Volvo stawia na szybką elektryfikację, do 2030 roku marka stanie się w pełni elektryczna. Czy w obliczu gwałtownych wzrostów cen surowców do produkcji ogniw akumulatorów firma nie podejmuje zbyt dużego ryzyka, uzależniając się tak mocno od aut bateryjnych?

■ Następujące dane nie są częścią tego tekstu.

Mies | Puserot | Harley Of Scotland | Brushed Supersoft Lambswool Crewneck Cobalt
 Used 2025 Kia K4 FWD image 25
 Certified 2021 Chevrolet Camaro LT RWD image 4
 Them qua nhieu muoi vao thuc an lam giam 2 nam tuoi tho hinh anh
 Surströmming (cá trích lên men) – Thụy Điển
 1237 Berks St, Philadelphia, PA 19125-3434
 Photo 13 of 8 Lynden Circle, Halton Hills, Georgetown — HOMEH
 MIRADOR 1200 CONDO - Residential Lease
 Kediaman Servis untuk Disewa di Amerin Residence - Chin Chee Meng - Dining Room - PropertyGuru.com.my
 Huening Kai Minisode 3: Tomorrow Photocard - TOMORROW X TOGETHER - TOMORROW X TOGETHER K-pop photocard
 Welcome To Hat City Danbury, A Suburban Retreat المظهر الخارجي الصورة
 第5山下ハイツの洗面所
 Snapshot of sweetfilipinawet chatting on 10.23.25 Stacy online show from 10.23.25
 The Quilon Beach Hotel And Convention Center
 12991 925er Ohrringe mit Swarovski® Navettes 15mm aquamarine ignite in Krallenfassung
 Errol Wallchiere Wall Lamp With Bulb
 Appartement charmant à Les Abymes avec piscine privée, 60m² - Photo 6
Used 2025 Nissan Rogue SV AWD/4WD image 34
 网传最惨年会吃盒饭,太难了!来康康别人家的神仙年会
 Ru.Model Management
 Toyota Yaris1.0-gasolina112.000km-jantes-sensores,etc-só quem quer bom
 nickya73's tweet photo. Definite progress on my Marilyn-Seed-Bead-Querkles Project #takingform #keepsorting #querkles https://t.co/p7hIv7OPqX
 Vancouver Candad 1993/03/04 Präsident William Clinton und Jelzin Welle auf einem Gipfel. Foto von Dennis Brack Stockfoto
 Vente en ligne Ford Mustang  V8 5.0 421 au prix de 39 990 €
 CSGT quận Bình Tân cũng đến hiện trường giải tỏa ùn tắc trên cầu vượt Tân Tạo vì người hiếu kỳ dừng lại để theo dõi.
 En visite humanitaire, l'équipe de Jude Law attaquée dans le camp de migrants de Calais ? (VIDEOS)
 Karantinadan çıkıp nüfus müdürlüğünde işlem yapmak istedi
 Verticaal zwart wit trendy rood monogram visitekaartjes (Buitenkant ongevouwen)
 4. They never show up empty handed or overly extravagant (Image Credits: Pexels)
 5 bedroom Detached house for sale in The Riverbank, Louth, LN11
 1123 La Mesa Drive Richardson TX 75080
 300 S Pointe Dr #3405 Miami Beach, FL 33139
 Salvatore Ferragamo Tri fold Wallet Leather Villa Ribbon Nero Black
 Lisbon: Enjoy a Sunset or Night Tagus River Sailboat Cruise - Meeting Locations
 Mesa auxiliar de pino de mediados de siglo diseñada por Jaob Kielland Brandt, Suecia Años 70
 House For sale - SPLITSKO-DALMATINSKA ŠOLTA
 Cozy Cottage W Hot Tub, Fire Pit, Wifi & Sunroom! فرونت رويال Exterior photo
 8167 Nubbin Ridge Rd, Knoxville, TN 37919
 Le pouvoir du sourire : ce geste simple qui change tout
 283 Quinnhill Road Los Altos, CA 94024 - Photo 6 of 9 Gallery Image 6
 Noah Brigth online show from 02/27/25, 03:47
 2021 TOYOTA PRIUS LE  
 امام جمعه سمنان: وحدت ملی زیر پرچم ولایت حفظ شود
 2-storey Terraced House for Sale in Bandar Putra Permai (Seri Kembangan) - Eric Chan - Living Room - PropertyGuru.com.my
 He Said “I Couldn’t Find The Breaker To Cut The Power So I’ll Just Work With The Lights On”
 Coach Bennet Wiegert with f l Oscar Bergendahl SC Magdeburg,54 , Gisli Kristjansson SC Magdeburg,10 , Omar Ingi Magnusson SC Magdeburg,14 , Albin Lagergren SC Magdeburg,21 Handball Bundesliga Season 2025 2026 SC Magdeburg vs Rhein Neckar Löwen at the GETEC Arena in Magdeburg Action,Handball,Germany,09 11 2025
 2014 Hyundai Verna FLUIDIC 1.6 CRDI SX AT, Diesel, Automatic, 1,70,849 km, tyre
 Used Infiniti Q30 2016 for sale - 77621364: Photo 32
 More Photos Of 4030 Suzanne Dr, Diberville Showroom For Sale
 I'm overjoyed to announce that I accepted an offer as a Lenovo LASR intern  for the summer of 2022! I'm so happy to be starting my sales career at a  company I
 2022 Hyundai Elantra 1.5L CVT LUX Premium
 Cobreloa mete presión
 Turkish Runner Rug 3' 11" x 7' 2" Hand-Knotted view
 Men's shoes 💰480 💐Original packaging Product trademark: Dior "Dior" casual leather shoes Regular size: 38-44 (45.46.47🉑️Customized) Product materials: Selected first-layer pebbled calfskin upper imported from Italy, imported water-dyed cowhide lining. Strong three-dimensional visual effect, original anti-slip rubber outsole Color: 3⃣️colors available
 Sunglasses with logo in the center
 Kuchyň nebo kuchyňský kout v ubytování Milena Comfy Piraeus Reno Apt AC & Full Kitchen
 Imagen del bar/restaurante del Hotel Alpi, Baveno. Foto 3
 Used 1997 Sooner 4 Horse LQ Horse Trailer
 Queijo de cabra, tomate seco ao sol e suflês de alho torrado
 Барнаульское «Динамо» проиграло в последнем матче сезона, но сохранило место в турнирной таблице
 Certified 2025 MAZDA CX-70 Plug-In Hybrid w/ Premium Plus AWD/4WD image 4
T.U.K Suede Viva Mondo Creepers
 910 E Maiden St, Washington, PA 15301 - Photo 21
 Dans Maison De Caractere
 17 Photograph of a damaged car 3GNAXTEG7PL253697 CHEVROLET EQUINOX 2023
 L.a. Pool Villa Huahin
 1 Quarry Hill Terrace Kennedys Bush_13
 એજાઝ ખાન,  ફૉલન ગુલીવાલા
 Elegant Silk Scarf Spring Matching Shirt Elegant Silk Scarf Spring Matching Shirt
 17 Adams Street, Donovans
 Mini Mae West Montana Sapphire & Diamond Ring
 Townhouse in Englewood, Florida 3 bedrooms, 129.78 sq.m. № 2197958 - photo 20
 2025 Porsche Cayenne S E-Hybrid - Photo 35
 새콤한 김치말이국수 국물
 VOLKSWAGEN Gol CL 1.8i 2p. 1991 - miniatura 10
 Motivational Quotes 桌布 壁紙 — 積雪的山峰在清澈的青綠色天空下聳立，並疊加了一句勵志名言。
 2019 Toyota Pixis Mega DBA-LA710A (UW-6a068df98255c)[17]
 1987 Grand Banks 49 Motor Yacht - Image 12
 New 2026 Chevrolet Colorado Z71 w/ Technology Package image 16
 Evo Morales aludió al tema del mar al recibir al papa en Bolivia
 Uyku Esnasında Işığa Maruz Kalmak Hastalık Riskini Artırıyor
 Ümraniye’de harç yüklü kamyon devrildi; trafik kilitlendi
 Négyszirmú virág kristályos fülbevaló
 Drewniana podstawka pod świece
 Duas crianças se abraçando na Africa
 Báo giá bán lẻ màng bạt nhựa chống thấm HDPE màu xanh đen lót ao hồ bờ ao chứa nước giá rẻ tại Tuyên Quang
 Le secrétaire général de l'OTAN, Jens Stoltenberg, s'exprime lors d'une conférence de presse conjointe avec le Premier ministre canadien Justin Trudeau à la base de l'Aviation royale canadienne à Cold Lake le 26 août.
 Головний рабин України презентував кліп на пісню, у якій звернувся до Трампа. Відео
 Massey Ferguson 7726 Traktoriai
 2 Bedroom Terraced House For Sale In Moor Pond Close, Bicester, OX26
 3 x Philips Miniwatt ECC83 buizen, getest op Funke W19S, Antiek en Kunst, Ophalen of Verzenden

Ceny litu w ostatnich latach rzeczywiście gwałtownie wzrosły, ale obecnie już spodziewamy się spadków. Prowadzimy rozmowy z firmami, które zarówno wydobywają lit, jak i go przetwarzają, by był zdatny do produkcji ogniw. Wąskie gardło w tym momencie stanowi ten drugi proces, jednak i tu należy się spodziewać poprawy jego efektywności. Jednocześnie obserwujemy rozwój innych składów chemicznych dla katod i anod w ogniwach pozwalających ograniczyć proporcję litu. W przyszłości spodziewamy się też możliwości odzyskiwania litu ze zużytych akumulatorów na dużą skalę, czyli tzw. urban mining. To będzie bardzo cenny zasób.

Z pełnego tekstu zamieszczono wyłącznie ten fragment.